We then had a second interval of about 20 minutes before Alistair came back out for his third spot and then introduced the headline act. Steve Gribbin.

Steve came out with his electric guitar round his neck and it was a surprise to see a more mature comedian when a lot of comedians are late 20s or mid 30s. Given he did some routines about his 15 and 17 year old children being like living with Scooby Do and Mutley I guess he was in his late forties / early fifties.

For a lot of his act Steve played just the first few bars of popular songs like "I'm a believer" but with alternative lyrics that were funny and satirical. The musical comedy equivalent of a one-liner. His targets were mostly political leaders around the world but Michael Barrymore also came in for some amazingly vicious (and funny) treatment, but as Steve said "This isn't telly so I can say what I like, the laws of libel don't apply to live performances". I'm not sure about the laws of slander mind you.

Steve worked the room like a real pro and was clearly enjoying himself , he even managed to work in a song about the "couple" in the front row who sold energy so this was a nice "call-back" right to the beginning of the evening that Alistair had first started.

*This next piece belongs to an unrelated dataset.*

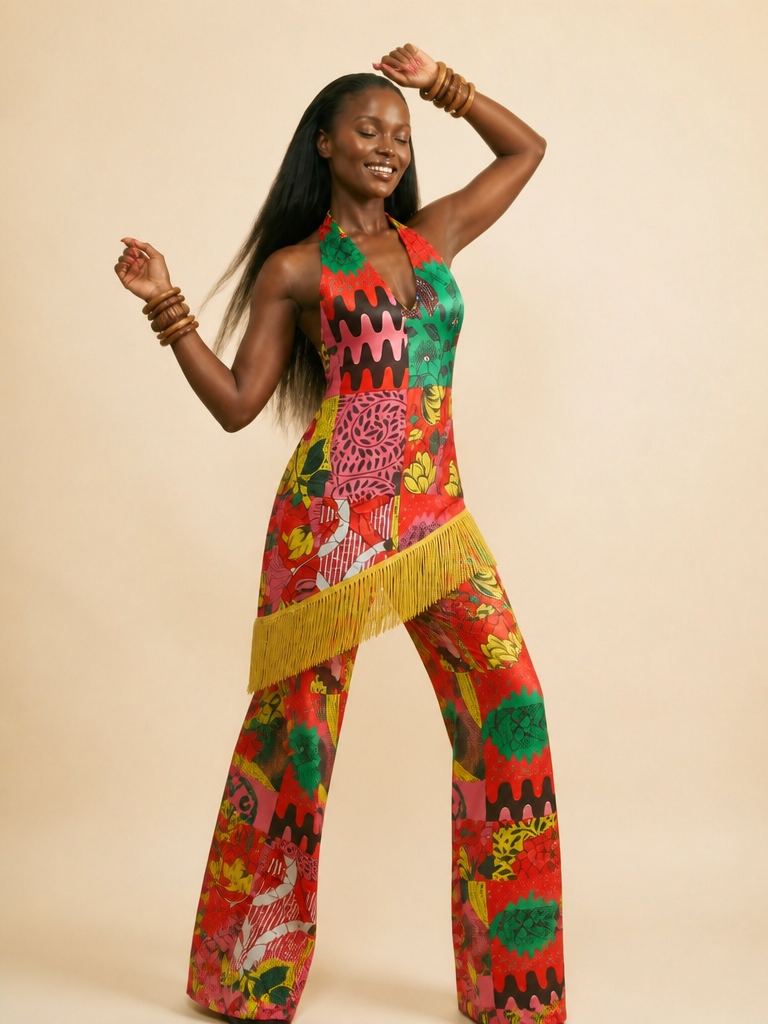 Igba Deconstructed Maxi Shirt Dress - Asymmetric & Sculpted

The show finished just on midnight and the tables were being cleared away for the self-proclaimed cheesy disco as we were leaving.

All in all it was a very good night out and I laughed a lot, which must be the point after all. It's a great venue to see comedy at, especially if you get seats where we did. I will definitely be going back for more stand up shows.

My only criticism of the venue, and I might be showing my age here, is that the music played during the intervals was way too loud, almost painfully so with some tracks. ( Which included, bizarrely, the theme to Black Beauty ). My voice is a little hoarse (no pun intended ) this morning from having to shout to Gareth to be heard above the music.

The tickets were £13 each, which I think is very reasonable for 4 comedians.